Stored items
BEGIN
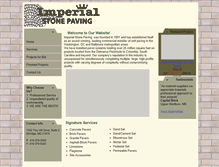 Tablet Screenshot of imperialstonepaving.com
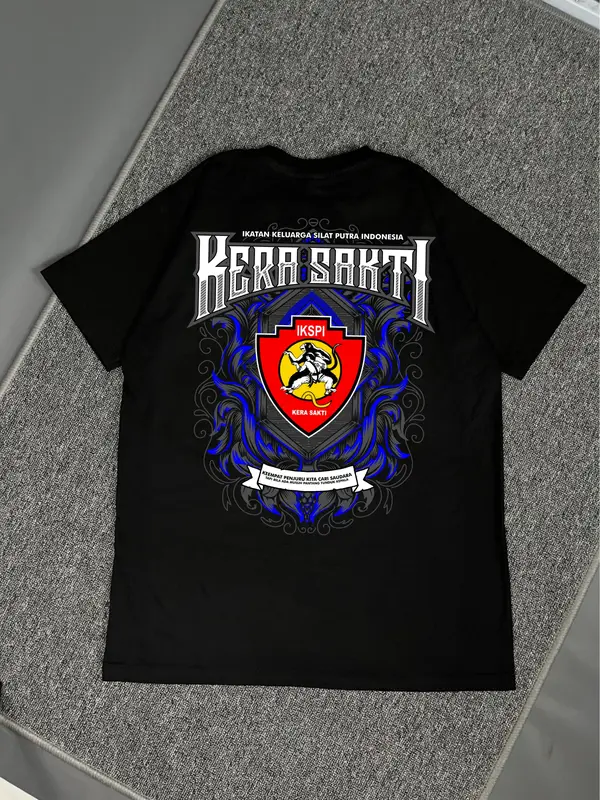 BAJU KAOS IKSPI KERA SAKTI CASUAL KEKINIAN KEREN SIMPLE DISTRO KATUN POLOS 1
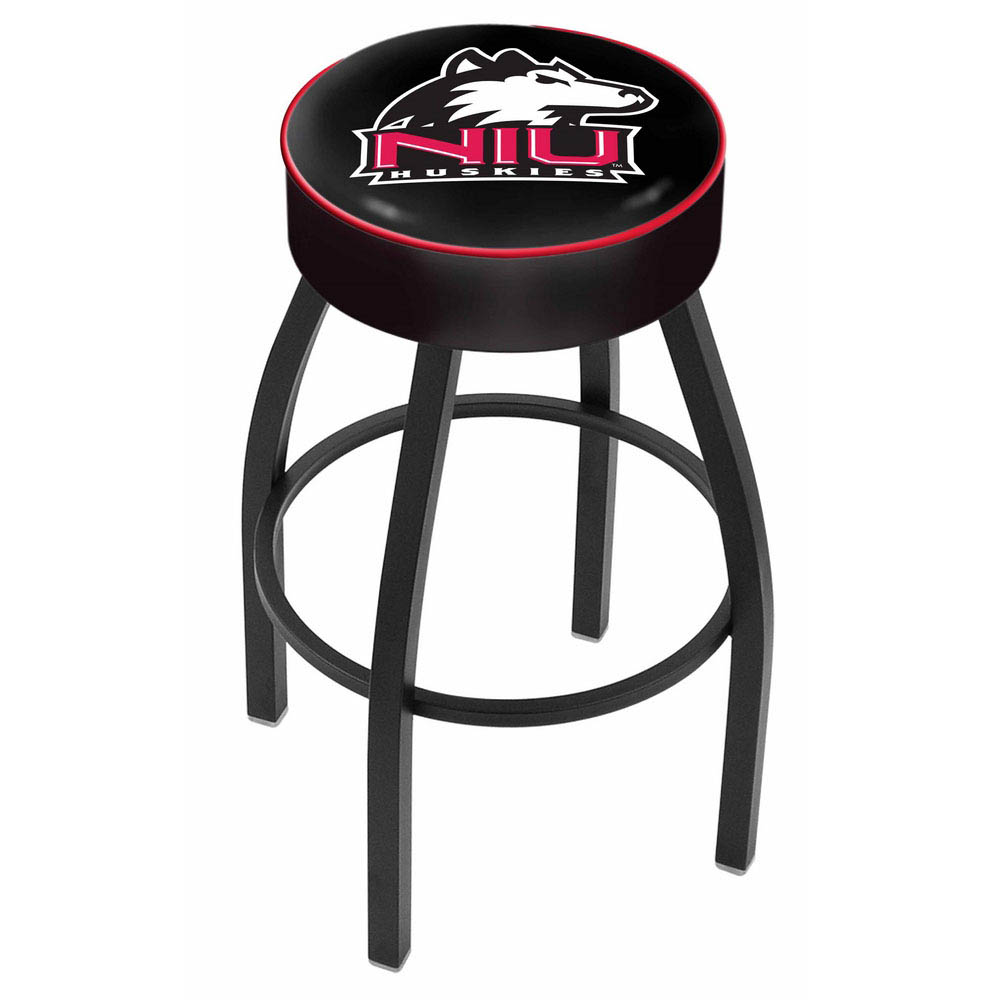inch Northern Illinois Logo Swivel Bar Stool w/ Black Base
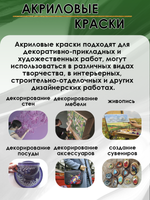 Акриловая краска глянцевая «Травяная»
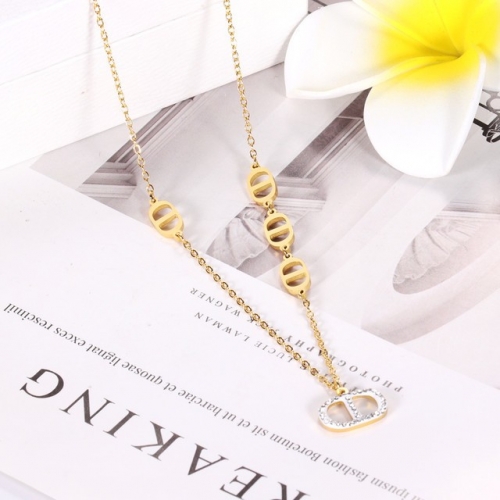 Stainless Steel Brand Necklace-HY220412-P16A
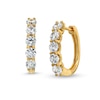 Thumbnail Image 1 of 2 CT. T.W. Certified Lab-Grown Diamond Five Stone Hoop Earrings in 14K Gold (F/SI2)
END
_Aim of the exercise_:
Beginning with the line that contains "inch Northern Illinois", output every line down to the last line of the entries above exactly as written, apart from the pictures.

_Exercise result_:
inch Northern Illinois Logo Swivel Bar Stool w/ Black Base
 Акриловая краска глянцевая «Травяная»
 Stainless Steel Brand Necklace-HY220412-P16A
 Thumbnail Image 1 of 2 CT. T.W. Certified Lab-Grown Diamond Five Stone Hoop Earrings in 14K Gold (F/SI2)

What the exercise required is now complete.